Is it possible to supply a user name and password to be checked using OS Authentication.
User johndoe with password "passwordjohn" is set up as an externally authenticated user in Oracle and alos exists on the domain server, is logged onto a database from machine1.
He connects to the database using "connect /@db_alias"
A user "janedoe" exists with password "passwordjane". Can she connect to the same database as johndoe from the same machine where her password is authenticated by the OS.
E.g. "connect janedoe/passwordjane@db_alias" should connect her to he database where her pasword is authenticated by NT
Can you only connect to a database using OS Authentication as the currently logged on user of the machine?
What I basically want to know is: Using OS Authentication is it possible for users other than the logged on user to connect to a database from the same machine?
OS Authentication only works on the host running the database. This means that if you have a host host1 that has a database. You can connect to that database using OS authentication only when you are logged on to that host directly. If the user only exists in the domain: tough luck, it doesn't work. All in all this means OS authentication is not much use...
OS Authentication works well and is useful despite the previous post, perhaps they misunderstood what you are asking. From my understanding OS Authentication works like this:
If user JohnDoe is set up in the database with external authentication, he must be logged into the domain to have access to the database. Therefore if he is not logged into the workstation he is accessing the database from, he will be denied access to the database. He does not need to enter his username or password.
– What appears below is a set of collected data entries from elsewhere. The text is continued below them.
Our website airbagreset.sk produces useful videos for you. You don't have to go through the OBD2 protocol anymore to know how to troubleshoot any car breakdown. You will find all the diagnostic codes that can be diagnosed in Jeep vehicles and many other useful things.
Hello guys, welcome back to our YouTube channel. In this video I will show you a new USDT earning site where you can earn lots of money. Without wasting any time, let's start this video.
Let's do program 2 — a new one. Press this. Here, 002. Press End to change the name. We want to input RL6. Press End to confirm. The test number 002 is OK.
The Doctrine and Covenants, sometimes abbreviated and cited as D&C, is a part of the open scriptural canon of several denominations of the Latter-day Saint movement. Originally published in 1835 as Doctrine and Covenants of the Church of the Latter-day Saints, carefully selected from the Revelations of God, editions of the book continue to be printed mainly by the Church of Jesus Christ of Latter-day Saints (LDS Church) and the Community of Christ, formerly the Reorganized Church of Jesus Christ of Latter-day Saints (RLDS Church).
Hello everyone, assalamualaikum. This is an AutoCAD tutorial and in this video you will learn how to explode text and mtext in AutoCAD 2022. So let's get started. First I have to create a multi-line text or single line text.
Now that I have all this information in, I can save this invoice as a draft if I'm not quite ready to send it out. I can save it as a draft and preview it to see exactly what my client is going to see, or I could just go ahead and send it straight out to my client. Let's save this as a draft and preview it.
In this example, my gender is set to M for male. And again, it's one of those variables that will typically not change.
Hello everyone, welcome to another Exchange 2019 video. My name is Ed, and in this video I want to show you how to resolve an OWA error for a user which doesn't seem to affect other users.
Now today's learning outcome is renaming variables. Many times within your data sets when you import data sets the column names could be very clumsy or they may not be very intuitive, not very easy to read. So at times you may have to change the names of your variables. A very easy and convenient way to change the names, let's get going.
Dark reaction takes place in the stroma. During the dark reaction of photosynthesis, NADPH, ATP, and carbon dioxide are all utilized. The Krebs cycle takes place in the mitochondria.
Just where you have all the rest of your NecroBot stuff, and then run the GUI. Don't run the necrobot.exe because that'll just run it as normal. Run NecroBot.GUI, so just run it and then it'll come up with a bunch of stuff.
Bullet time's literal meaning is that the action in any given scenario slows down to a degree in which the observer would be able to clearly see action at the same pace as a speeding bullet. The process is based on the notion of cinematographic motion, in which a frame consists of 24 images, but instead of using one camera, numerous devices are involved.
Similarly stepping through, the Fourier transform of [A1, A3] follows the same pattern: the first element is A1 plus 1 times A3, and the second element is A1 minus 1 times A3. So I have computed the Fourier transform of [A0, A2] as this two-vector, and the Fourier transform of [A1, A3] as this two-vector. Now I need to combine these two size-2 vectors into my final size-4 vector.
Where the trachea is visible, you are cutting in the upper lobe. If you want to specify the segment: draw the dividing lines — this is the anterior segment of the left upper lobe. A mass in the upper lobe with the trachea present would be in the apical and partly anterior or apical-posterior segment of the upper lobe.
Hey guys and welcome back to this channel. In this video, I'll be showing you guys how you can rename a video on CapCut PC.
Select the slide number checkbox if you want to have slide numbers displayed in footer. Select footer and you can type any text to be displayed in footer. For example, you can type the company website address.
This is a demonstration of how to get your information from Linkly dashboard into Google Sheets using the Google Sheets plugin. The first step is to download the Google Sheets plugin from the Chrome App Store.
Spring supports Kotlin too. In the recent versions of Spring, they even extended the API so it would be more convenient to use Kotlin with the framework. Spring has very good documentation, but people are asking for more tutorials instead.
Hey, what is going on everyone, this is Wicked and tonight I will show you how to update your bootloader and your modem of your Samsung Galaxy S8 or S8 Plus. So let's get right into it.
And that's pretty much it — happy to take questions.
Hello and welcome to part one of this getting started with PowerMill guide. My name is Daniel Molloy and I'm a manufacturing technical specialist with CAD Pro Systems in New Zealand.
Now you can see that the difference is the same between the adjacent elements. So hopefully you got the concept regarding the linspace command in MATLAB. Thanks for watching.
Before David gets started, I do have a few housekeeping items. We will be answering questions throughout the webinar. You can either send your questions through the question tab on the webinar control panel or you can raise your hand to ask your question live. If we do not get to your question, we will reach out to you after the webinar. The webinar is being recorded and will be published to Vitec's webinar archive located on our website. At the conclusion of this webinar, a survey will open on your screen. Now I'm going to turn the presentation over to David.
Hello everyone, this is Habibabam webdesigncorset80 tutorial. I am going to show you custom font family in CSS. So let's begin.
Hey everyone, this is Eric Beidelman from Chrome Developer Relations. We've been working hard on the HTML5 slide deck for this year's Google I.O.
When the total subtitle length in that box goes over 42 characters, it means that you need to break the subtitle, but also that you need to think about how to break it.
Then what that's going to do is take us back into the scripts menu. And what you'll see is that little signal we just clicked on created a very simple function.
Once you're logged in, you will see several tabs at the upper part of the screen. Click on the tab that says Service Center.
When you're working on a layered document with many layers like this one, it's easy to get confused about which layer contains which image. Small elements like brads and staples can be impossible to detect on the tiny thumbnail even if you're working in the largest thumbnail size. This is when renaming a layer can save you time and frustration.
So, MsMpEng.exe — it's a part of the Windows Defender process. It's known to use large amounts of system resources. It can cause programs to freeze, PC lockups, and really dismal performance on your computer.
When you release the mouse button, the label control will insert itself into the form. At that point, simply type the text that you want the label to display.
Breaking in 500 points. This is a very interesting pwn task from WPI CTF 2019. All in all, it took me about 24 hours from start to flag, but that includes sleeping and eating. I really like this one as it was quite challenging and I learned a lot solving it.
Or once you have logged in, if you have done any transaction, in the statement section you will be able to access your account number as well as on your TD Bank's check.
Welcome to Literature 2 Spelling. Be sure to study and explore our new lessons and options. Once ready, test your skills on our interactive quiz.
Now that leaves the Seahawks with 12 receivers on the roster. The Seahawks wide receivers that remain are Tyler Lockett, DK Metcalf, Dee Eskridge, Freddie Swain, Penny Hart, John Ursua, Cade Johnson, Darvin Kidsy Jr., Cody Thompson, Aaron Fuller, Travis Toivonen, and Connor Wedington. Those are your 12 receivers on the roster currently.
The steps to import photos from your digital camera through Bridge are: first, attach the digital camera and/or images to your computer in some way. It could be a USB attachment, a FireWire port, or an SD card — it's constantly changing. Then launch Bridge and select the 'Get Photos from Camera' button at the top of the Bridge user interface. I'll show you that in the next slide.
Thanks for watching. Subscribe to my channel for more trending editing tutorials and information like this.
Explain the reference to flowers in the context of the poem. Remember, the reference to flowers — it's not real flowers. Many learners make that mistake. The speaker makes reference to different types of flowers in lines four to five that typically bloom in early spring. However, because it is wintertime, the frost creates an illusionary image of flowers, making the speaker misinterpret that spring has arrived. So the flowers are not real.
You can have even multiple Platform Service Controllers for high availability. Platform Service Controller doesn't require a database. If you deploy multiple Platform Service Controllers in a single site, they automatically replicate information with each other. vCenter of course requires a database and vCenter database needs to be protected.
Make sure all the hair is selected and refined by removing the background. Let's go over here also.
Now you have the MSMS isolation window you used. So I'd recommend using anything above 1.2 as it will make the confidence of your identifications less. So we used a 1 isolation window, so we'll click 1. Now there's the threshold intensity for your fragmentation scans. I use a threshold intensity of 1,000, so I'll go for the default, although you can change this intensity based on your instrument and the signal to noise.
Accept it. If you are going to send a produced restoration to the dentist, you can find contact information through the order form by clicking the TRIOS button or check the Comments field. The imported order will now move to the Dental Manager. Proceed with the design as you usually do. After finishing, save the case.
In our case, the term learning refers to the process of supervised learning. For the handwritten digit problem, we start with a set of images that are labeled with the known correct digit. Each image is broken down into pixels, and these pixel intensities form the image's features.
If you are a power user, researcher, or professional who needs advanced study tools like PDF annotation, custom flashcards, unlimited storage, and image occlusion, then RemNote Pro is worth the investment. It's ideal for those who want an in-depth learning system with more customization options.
If JaneDoe was set up for password authentication, she would be able to sit at John's workstation and log into the database as JaneDoe/herpassword and be connected. She does not need to be logged into the domain to access the database.
One critical point - you need to set up the user in the database even if you configure the database for external configuration, if the user does not exist in the database, they will not be able to connect to the database. I know it's an obvious point but you never know!
There are some configuration steps involved in setting this up so it works this way. I believe it is fairly well documented in the Oracle doc set. Hope I have given a clear explanation of how it works
I have it working from my own machine that I am logged into
Problem is though I want to be able to actually specify an NTusername/NTpassword of an externally authenticated Oracle user from a machine that I am not logged on (i.e. a machine that has someone else logged into it)
I don't think this is possible!?!
Are there any third party utils that will let me do what I have outlined above?
If you are not logged into the domain, then what is Oracle using to identify the user if they are external? You seem to be wanting a blend of password and OS Authentication for the same user, which is defeating the purpose of user authentication.
The only way would be to create two accounts for the same person, one with password authentication and one with OS authentication.
I was under the impresion that the way OS Authentication would work would be as follows:
1) Create user "johndoe" in Oracle to be authenticated externally
2) Create user "johndoe" in domain (if he doesn't already exist) and assign a password e.g. "passwordjohn"
3) When user tried to log on to the Oracle database he would enter his NTusername (which would correspond to his Oracle username) and his NT password. e.g. "connect johndoe/passwordjohn@db_alias"
4) Oracle woudl verify the username and see that it was an external user.
5) Oracle would then verify the passwod entered by the user with NT and if it was correct then it would allow the user acces to the database.
This is how I had hoped it would work but it doen't seem to be the case. Seems logical to me though! :-)
Had previosuly tried both of these and they don't work.
It's as if as soon as Oracle sees a username and password being entered it assumes it's an Oracle password authenticated user that is trying to connect instead of looking up the DBA_USERS view and seeing that the authentication for this suer is actually EXTERNAL.